First we went for a 40-minute tandem ride, during which we
swooped back and forth across the beach, coming in really close
to the cliffs and dunes, so you could practically touch them
and pick some iceplants. Pelicans and seagulls flew beside us
and dolphins played in the waves below. During that first
flight, I asked a lot of questions about handling the wing over
this kind of terrain.
Then all afternoon, I was kiting and learning how to work with
the wind on the dunes. Flying on the Sand City/Monterey beach
is very different from flying in Kansas or Colorado. Those
gentle breezes? Much stronger than I anticipated, but since
they're constant, they're manageable.
Every once in a while as I was kiting, with the wing in the air
and facing the ocean, he'd guide me from behind up to a high
point and then gently push me off and say, "OK, it's all you,
just grab your brakes at some point and do what feels right,"
and I'd be flying down to the beach below.

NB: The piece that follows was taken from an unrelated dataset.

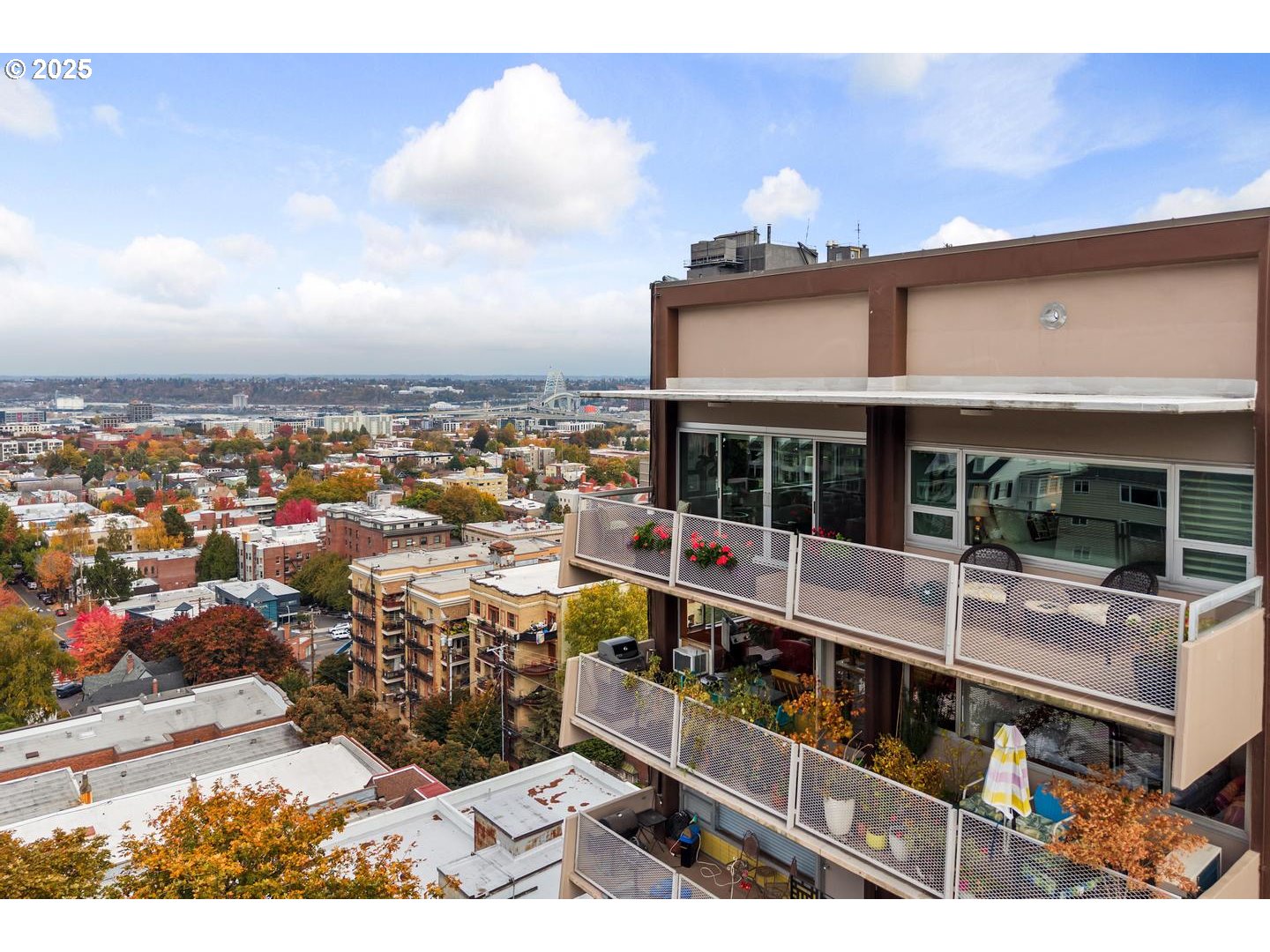 2323 SW PARK PL UNIT 1006, Portland, OR, 97205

Day 2 of beach soaring was incredible. I did what I dreamed for
so long! I flew along the cliffs and dunes back and forth by
myself many times.
Hugh was on the radio most of the time, telling me, "Left ... a
little right ... OK, begin that 180 back ... when you get to me
(standing on a high bluff), weight-shift a hard left ... stay
lined up right over where the beach meets the dunes ... ." For
long stretches, he'd just be quiet and let me fly and figure it
out for myself.
Aside from one minor splat into the side of a dune and all its
line-tangling vegetation, and adding to my bruise collection a
bit, the afternoon was a dream come true. But since I didn't
have the time to learn the finer intricacies of the sport, I
opted for another 40-minute tandem ride, this time with my
The tandem wing is about three times larger than my wing, so
it's like driving a big truck. Hugh let me take over for a good
portion of the flight, and it was really fun feeling that kind
of power. I actually liked it better because my movements had
to be much stronger and deliberate, whereas on my wing, every
little motion made a difference.
For a lot of the afternoon, one of Hugh's former students,
Scott Baruti, was on the beach flying. An expert now, he swoops
along the beach dragging a toe in the sand, touching the sides
of the cliffs and dunes, back and forth, up and down, sweeping
across the sand like a kid on a giant swing set.
Sometimes he'd hover a couple of feet above Hugh, and they'd
carry on a conversation just as though he was standing on the
sand beside him; and then he'd say, “OK, bye,” and just swoop
away and be gone. It was like seeing the YouTube videos I've
been watching all these years, right there in front of me.
Only this time, I was living it.
A version of this column first
appeared in the Salina Journal.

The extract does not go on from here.